Sunday, October 18, 2009
I havent really had my head on straight the last two weeks. I geuss I have just had my head wrapped around other things that I kinda pushed my health to the back burner. I know I cant do that.
I havent gained any but I havent lost any either. Im not saying I totaly gave up and went back to old habits because I dident. I still ate reasonable portions most days and reasonably healthy food most days, but I dident track what I ate, I dont know how many calories or points I ate and I only exercised maybe two or three times in the last two weeks.
My anniversary came around and I was doing alot of sewing because I was altering my wedding gown to wear to the ren faire. My other sister moved into our house so now we have 4 adults and two children living in a very small 3 bedroom 1 bathroom house. My sisters have been getting on my nerves too so there is a certain amount of stress Im feeling at the moment. To wrap all that up money is really tight so I havent had alot of food I like eating around... so I tend to want to eat double of the food I dont like to make up for the fact that I dont like it in the first place (if the makes any sense at all).
I went to the ren faire yesterday and I had a good time... I ate food that was not very good for me. I ate a bread bowl of broccoli cheese soup... I had 2 apple ciders at the faire.... I came home and ate 2 1/2 brauts and 3 cresent rolls and then had two more apple ciders with rum and buttershots.

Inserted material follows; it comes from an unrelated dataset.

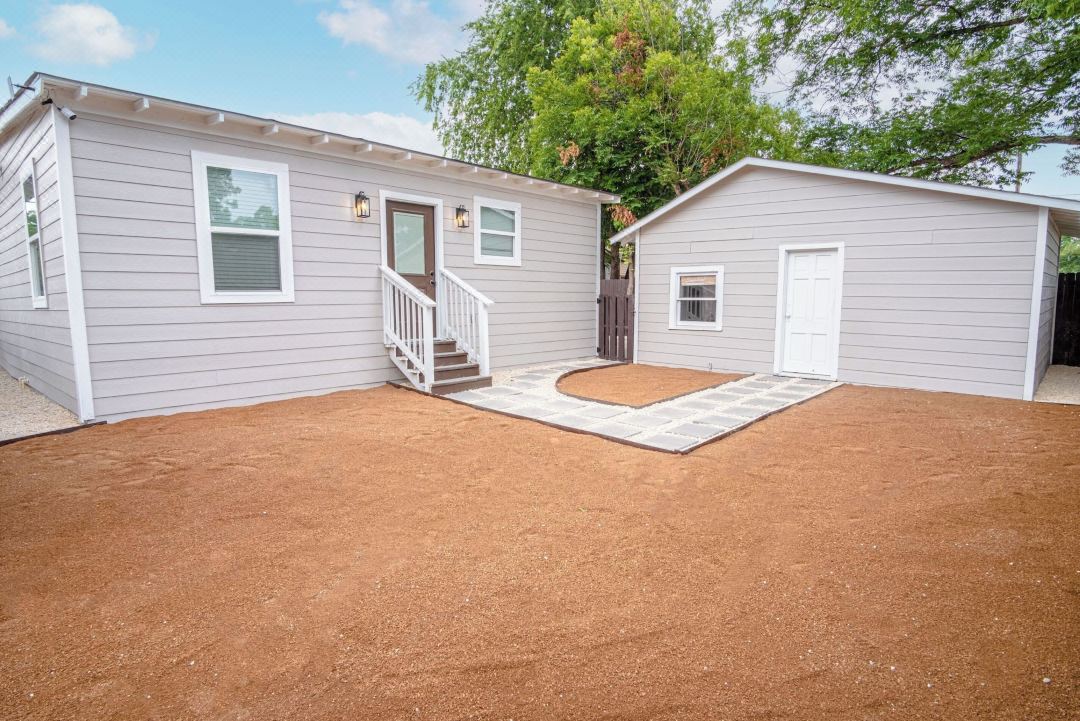 Captivating 4Br 2BA Home Near Awesome Downtown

It was a heavy eating day to end two weeks of not so good eating. I stepped on the scale this morning to find I had not lost or gained. Im ok with that.
I am off to a good start today. I exercised 40 minutes all ready, I ate a healthy breakfast, I already drank 3 glasses of water, and I took my vitamin.
I will reach my goal of 200 or under by new years! I am still pretty much on track to do it, I just need to step up my game and think about why I started this and finally finish what I started.
Im smaller, my pants fit better, I feel really good about me....... but Im still a fat girl, I still cant fit into the clothes I want to wear, I am still at a very unhealthy weight, Im still obease. I cant settle for mediocrity! I wont settle!
Im worth doing this.... I just need to get my head straight and realize it.